As you're thinking, please explore other parenting ideas such as fostering children in your home. Clearly, you have a lot to give.
As someone who, at 46, can be considered one of your peers, allow me to ask:
JUMPED UP JAYSUS ON TOAST POINTS, HAVE YOU LOST YOUR MIND?
Of course your husband didn't say anything - he was probably in shock.
Let us examine this in detail - you are 47 years old and approaching menopause. The probability of you conceiving at your age are rather slim, but if you should manage it, bear in mind your ova are 47 years old too, and there is a "best before date" on them you know. The probability of your child being born with Downs Syndrome rise exponentially at your age. While you may be in good health and exercise regularly - you don't have the energy you had when you were 20, and have you forgotten about sleep deprivation that goes along with a newborn/toddler?
You are 47 years old - should you have this kid, you will be pushing 70 before the kid leaves home. How do you think the kid will feel with a mother who is close to 60 by the time he is 10 years old?

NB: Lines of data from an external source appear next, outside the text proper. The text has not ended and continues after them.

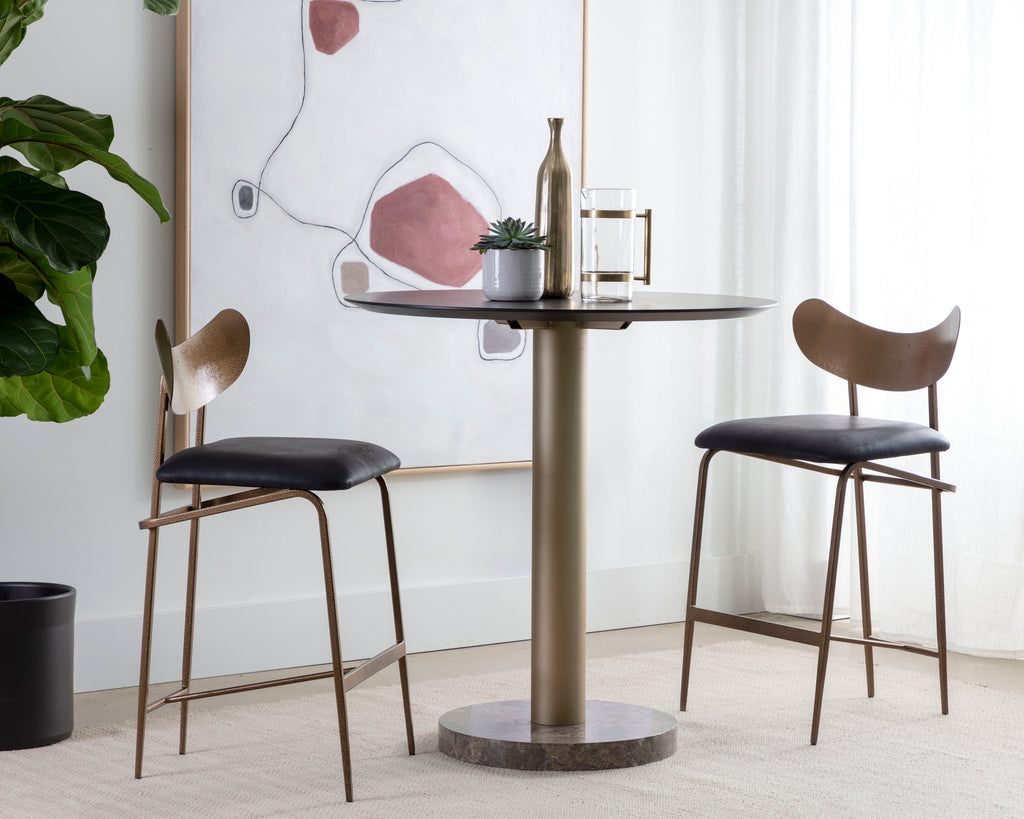 Gibbons Counter Stool - Antique Brass - Charcoal Black Leather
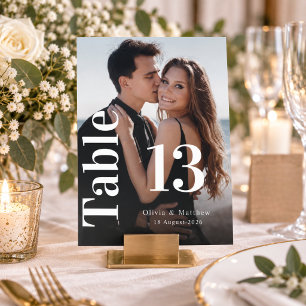 Moderne minimalistische Foto-Overlay-Hochzeit Tischnummer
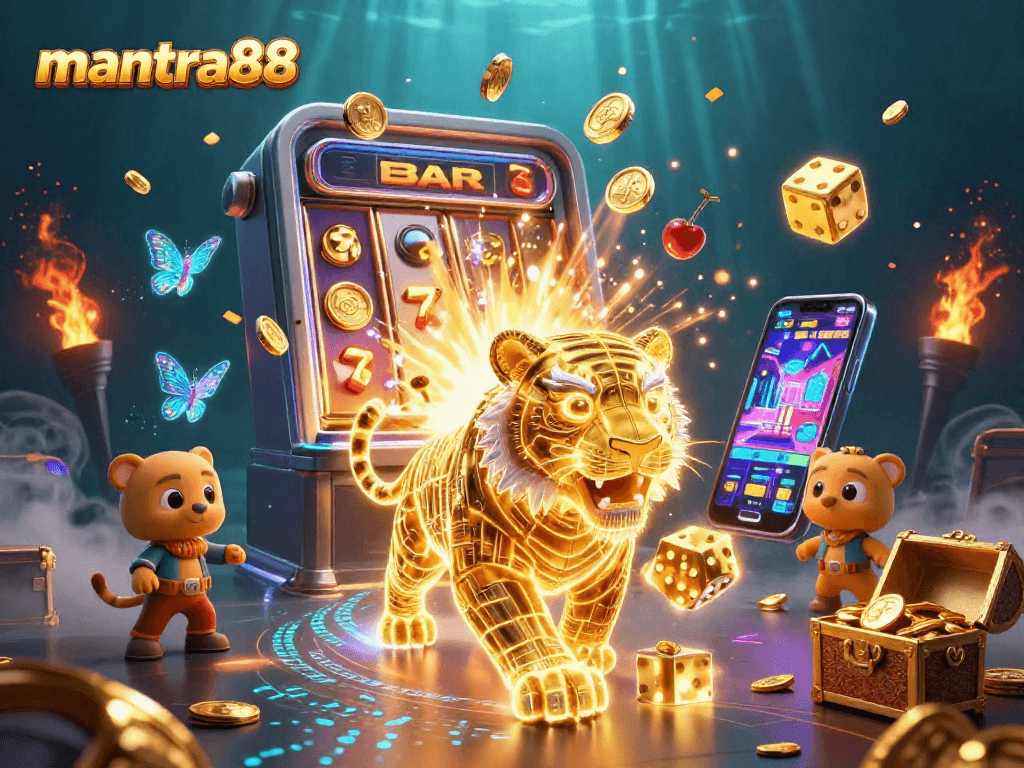 Experience thrilling gameplay with mantra88 in a vibrant digital casino scene filled with action and rewards.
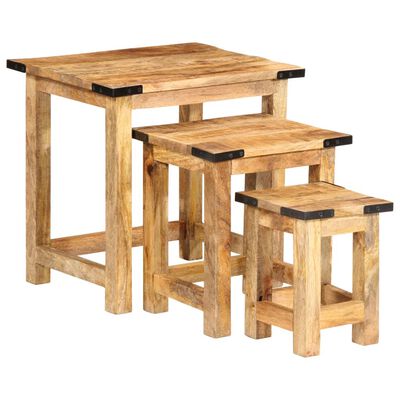 vidaXL Nesting Side Tables 3 pcs Solid Rough Wood Mango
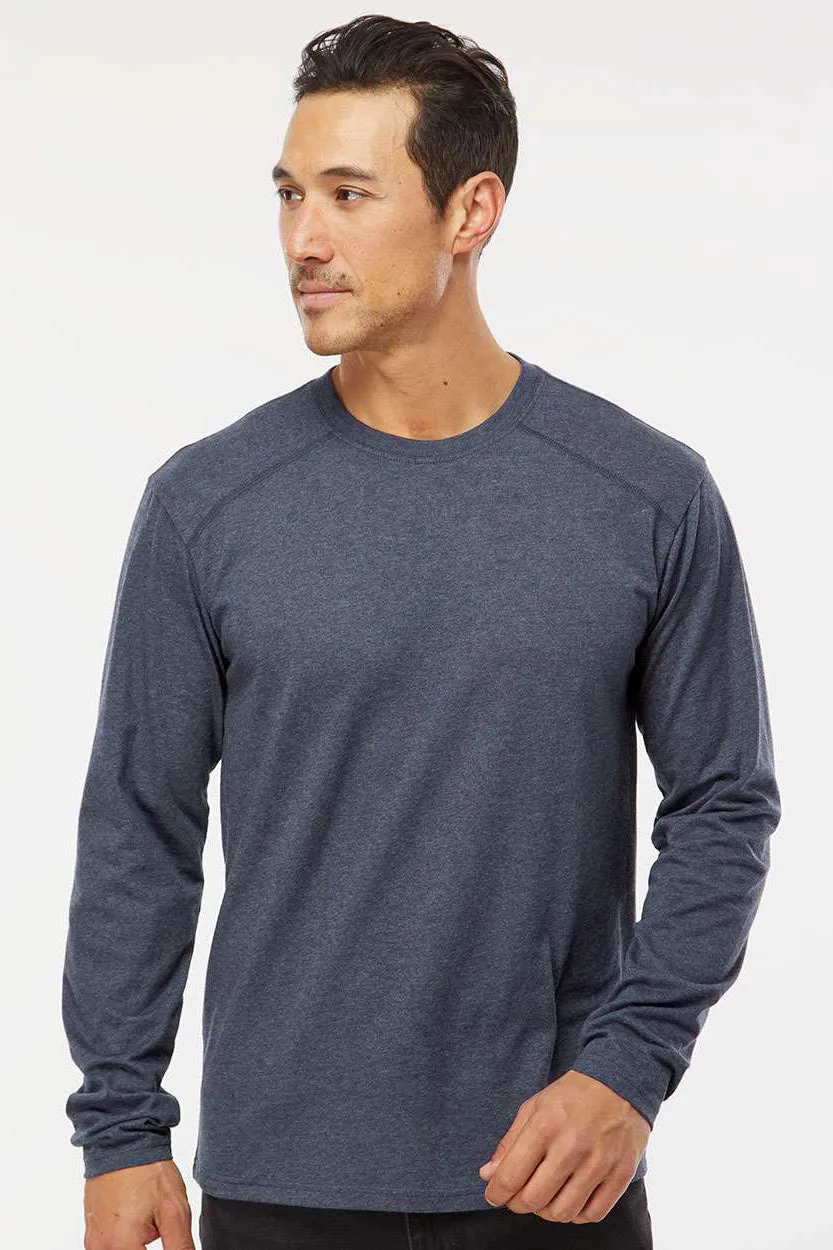 Kastlfel Mens Recycled Soft Long Sleeve Crewneck T-Shirt - Midnight Blue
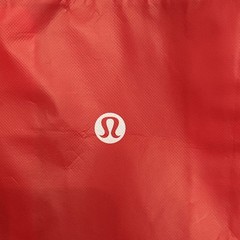 Lululemon Small Red And White Logo Reusable Shopping Bag Logo Read Out READ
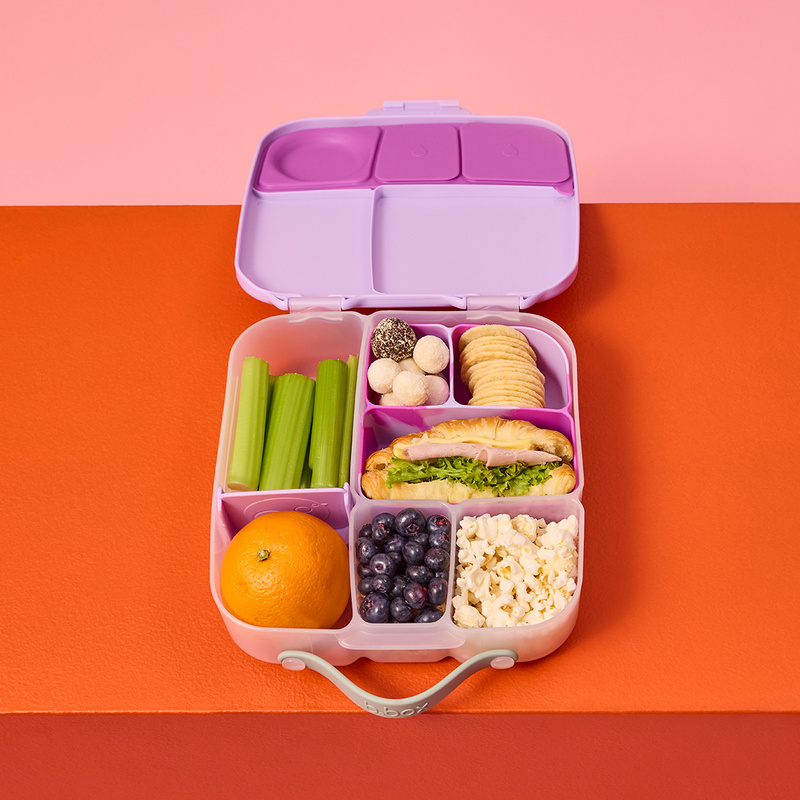B.box Lunchbox dla dzieci do szkoły - szczelna śniadaniówka z przegródkami i wkładem chłodzącym Sugar Plum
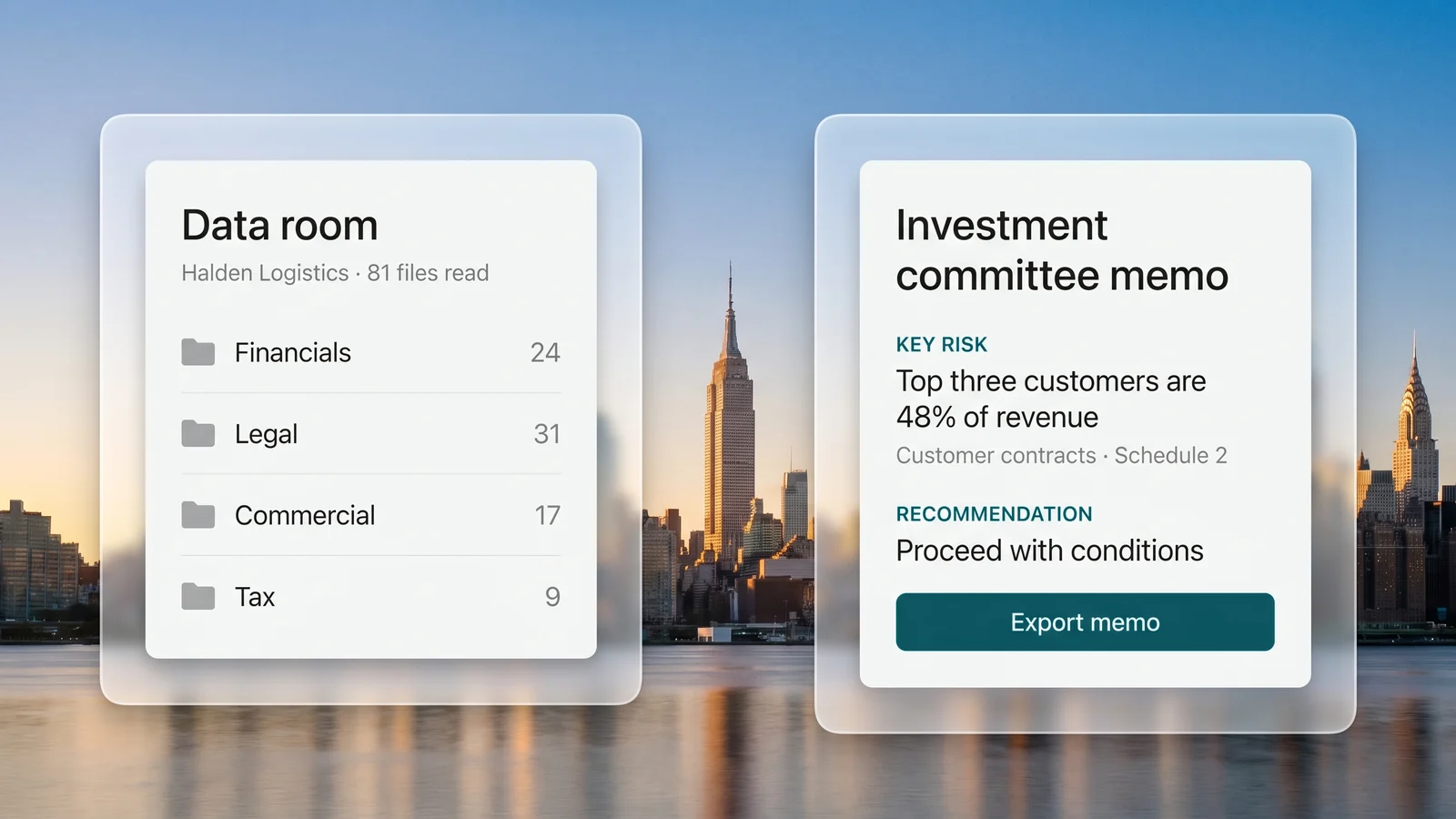 AI Due Diligence: a data room read in full, and the cited investment committee memo it produces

Then there is your husband. By the time the kid leaves home, he will be getting close to 75, do you think he really wants to spend his retirement raising another kid? Have you even considered that now that your children are more or less on their own that he might have been looking forward to the two of you having some time to yourselves now? That he might have been looking forward to spending time alone with you? Have you considered his feelings at all in this? You seem to have taken his stunned silence for something far more affirmative than it is.
What about your retirement anyway? Or do you want to blow that on fertility treatments? That will run you $100,000 or so. And that's before what is needed to raise/educate it.
You really had better take a look at yourself to figure out why you can't seem to be able to define yourself with out the label of "someone's mommy".